DANA BASH, CNN CHIEF POLITICAL CORRESPONDENT: In what world, though, is this, even in Donald Trump's world, where everything is a win, there's no way that he can paint this as a win. He's lost influence. He has endorsed McCarthy. He's making calls. Whether or not he's pushing or not, he's making calls, and we've reported it. I was just talking to somebody who had talked to him recently who said he's continuing to make calls. This is proof that he is a loser again.

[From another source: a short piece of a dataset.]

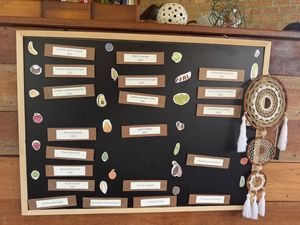   at Cooper's Farm2Plate in Ao Nang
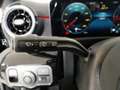 Mercedes-Benz A 200 d Automatic Premium LED TETTO APRIBILE AMG Nero - thumbnail 19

RIGGLEMAN: I think you know what's amazing. I think the last poll had him, what behind 44 to 40 on Biden with 42-42, DeSantis and Biden. But he wants to win the meme wars. You know, and we looked at disinformation. He wins the meme wars when you're going out to all the social media. And honestly, that's how his guys sort of react. And I think that's what they do, is they try to leverage every bit of this to make him look like a winner through memes or through social media.

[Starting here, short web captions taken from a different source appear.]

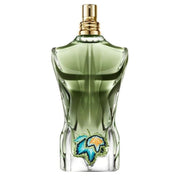 Jean Paul Gaultier Le Beau Paradise Garden Eau de Parfum Spray 125ml / 4.2oz for Men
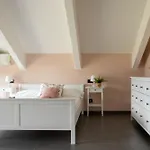 Villa Tivano, Vista Mozzafiato Colico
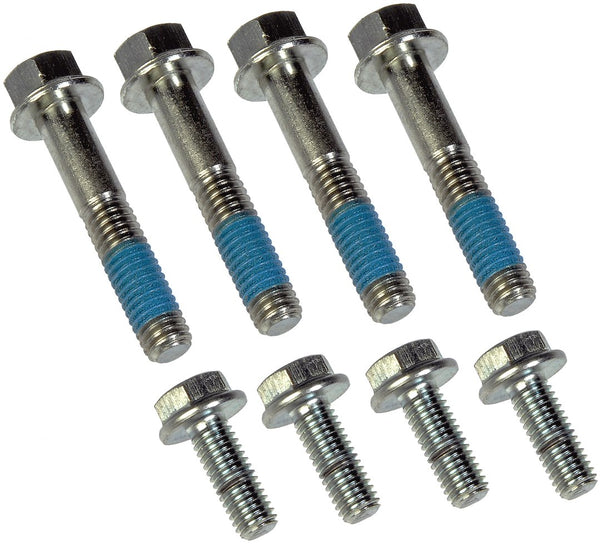 Dorman Water Pump Stud Set (MPN: 902-804)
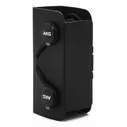 НАУШНИКИ AKG USB-C SAMSUNG GALAXY S20 S21 NOTE 10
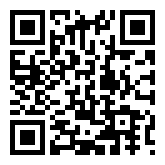http://www.wlinfor.com/post/73072.html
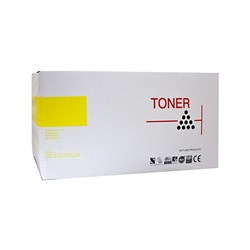 HP Compatible CE412A #305 Yellow Cartridge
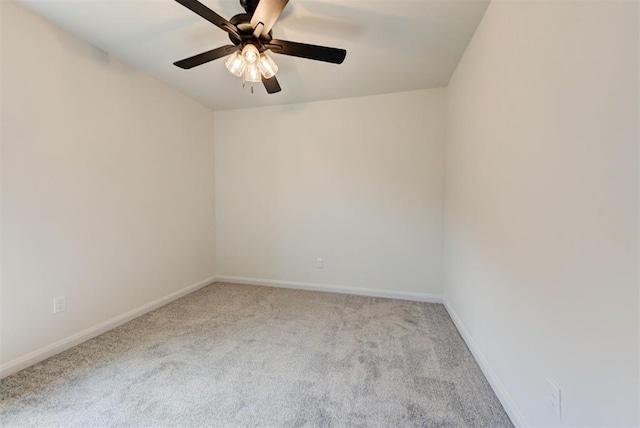 2021 W Crossbow Way, Mustang, OK 73064 - photo 42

JAMIE GANGEL, CNN SPECIAL CORRESPONDENT: Can we just talk about that picture from the point of view for 30,000ft. This has been surreal. We've been through the looking glass. The C Span cameras, capturing Debbie Wasserman Schultz in an extended conversation with Matt Gaetz.


We had Marjorie Taylor Greene saying, Lauren Boebert is not being serious. I mean, this whole process has --

BASH: Has rather down.

GANGEL: But we just go back to the Never Kevin for a minute if they hold five plus. And the only thing is Kevin McCarthy is stepping aside. Here's my question for you, Denver. At some point, who talks to Kevin? Who goes to Kevin? Is it staff? Is it members? Does Trump send them that picture?

RIGGLEMAN: It could be something where he's sending a message. I think trump talks to Kevin. I think that's going to happen at some point anyway. On the floor, who has that kind of push to talk to Kevin to get him to stand down? I don't think it's a Scalise. I don't think it's anybody like that. So, I just -- I think it has to be a Trump.

TAPPER: All right, everyone who's here, stick around. I'm going to be bit back in a few hours at 8:00 p.m. Eastern for more of CNN special coverage of this dysfunctional, historic fight for House Speaker. But the folks here are going to keep going. Our special coverage continues with one Mr. Wolf Blitzer and one Ms. Erin Burnett after this short break. We're squeezing in. I'll see you in a couple of hours.